Impact of hyperons on structural properties of neutron stars and hybrid stars within the regularized four-dimensional Einstein-Gauss-Bonnet gravity

TL;DR

This study explores how hyperons and quark matter phase transitions influence neutron star properties within a modified gravity framework, showing that the Gauss-Bonnet coupling constant significantly affects star mass and radius predictions.

Contribution

It introduces a comprehensive analysis of hyperons and phase transitions in neutron stars within 4D Einstein-Gauss-Bonnet gravity, linking gravitational modifications to observable stellar properties.

Findings

Positive Gauss-Bonnet coupling supports 2 solar mass stars.

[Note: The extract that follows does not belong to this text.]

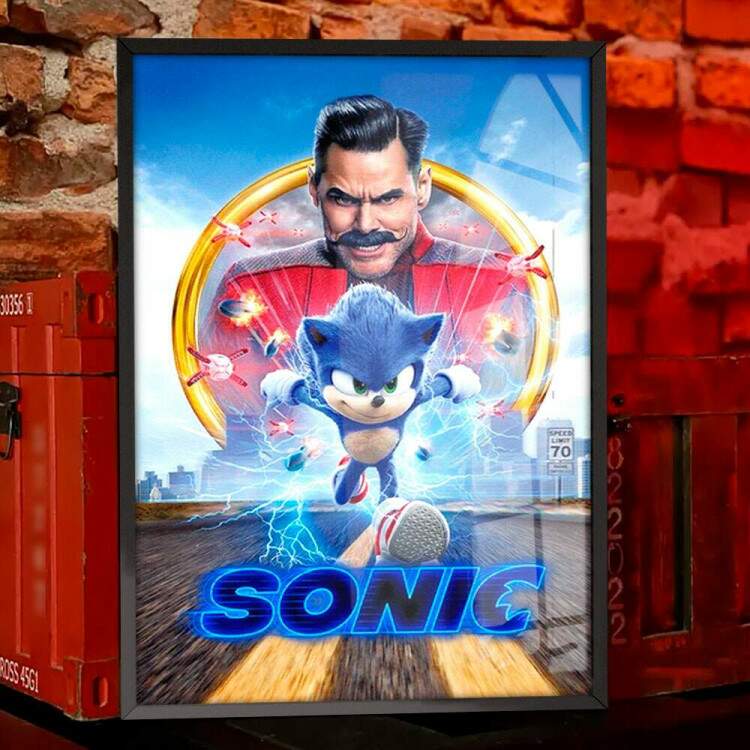 Quadro Decorativo Geek Sonic Robotnik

Negative coupling results in lower maximum masses, inconsistent with observations.

Hyperons and phase transitions soften the EoS, affecting star structure.

Abstract

We investigate the impact of hyperons and phase transition to quark matter on the structural properties of neutron stars within the regularized four-dimensional Einstein-Gauss-Bonnet gravity (4DEGB). We employ the density-dependent relativistic mean-field model (DDME2) for the hadronic phase and the density-dependent quark mass (DDQM) model for the quark phase to construct hadronic and hybrid equations-of-state (EoSs) that are consistent with the astrophysical constraints. The presence of hyperons softens the EoS and with a phase transition, the EoS further softens, and the speed of sound squared drops to around 0.2 for the maximum mass configuration, which lies in the pure quark phase. Adjusting the Gauss-Bonnet coupling constant, $\alpha$, within its allowed range results in a decrease in the mass-radius relationship for negative $\alpha$, and an increase for positive $\alpha$. In addition, functions are fitted to the maximum mass and its associated radius as a function of the constant $\alpha$ to observe its impact on these properties. We find that positive values of $\alpha$ support massive stars consistent with the 2\,$M_{\odot}$ constraint and NICER measurements, while negative values, although compatible with low-mass radius observations, fail to reach the observed maximum mass, particularly for EoSs involving phase transitions. Therefore, astrophysical observations may be used to effectively constrain the allowed range of $\alpha$.